"It's a business," Sutton said Monday. "Things happen.
"You've got to roll with the punches, so let's go. I'm more equipped to handle this offence by myself, so get running."
Whitaker, 29, had been the Alouettes starting running back since 2011, leading the CFL that season with 1,381 rushing yards and adding 638 through the air. But he battled injuries the next three seasons, giving backups like Sutton and Brandon Rutley a chance to show what they can do.
In training camp this season, management felt it was time to hand the job to Sutton. Whitaker was no sooner cut on Sunday than he was picked up by the Toronto Argonauts.
"There's an expiration date for everyone," said Montreal coach Tom Higgins. "Whitaker's going to get an opportunity to play and he probably still has game in him, but I think the success of this organization has been understanding when the time is right to give somebody else the reins.
"B-Whit came in and competed, but the timing is that it's Sutton's turn to be the No. 1 guy."
Whitaker was a smaller, speedier back who could make tacklers miss and also battle for extra yards against bigger linemen when he was caught. But there was concern that, although he led the team with 764 yards in 13 games last season, his run of injuries had taken a toll.
The Alouettes like Sutton's versatility. He's a punishing "north-south" runner, but can also catch balls out of the backfield and return kicks. He's also a strong blocker.

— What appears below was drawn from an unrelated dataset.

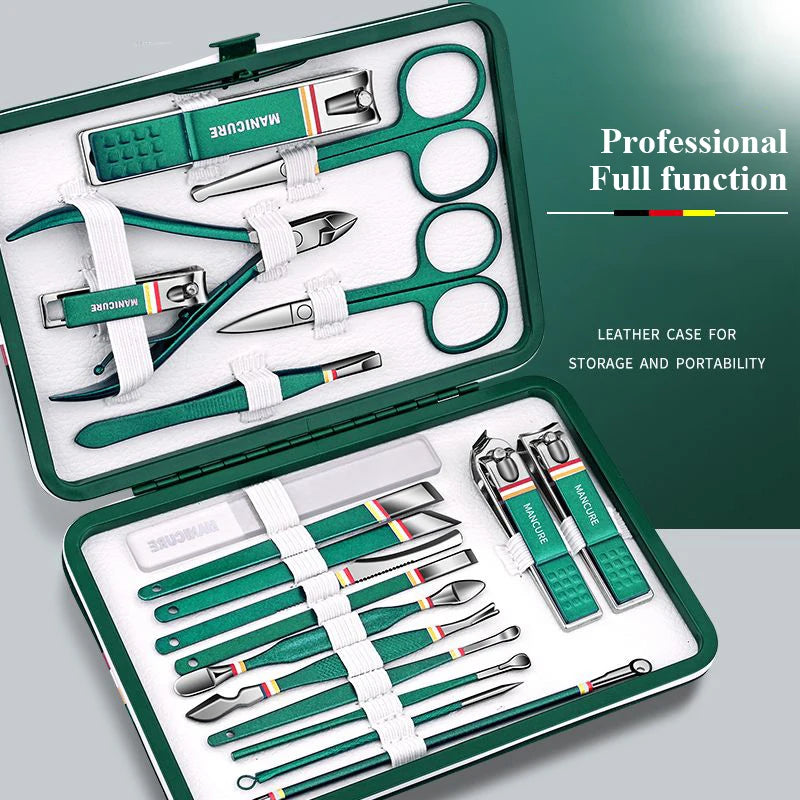 Stainless Steel Manicure Set 9–19 Pcs | Nail Clippers & Bag Manicure Tool Set PRIMED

The 28-year-old Sutton joined the Alouettes in 2013 and had his big moment in a playoff game against Hamilton, when he rushed for 142 yards on 21 carries in a losing cause.
Asked what he brings to the offence, Sutton said: "A fierce tenacity, a mean mentality. I don't get out of the way of anybody."

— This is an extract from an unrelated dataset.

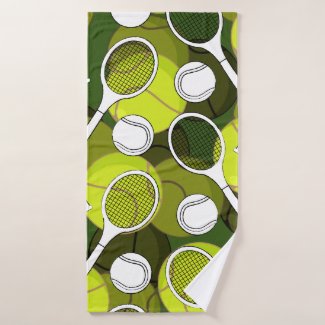 Tennis  ball and racket black & white ink on green bath towel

Sutton started last season on the six-game inured list, but returned to rush for 500 yards on 96 carries in 10 games. He then suffered a foot injury and missed the playoffs, but was given a three-year contract extension in the off-season.
General manager Jim Popp said that once it was decided to have two import running backs, the combination of Sutton and Rutley fit best with the team's offence and with the salary cap.
"It was just a overall assessment of where things are today," Popp said. "Brandon's a great running back.
"He can still play in this league for a few years. But the bottom line is you can't keep everybody. You can't afford everybody's contract. You've got to make everything fit in your cap."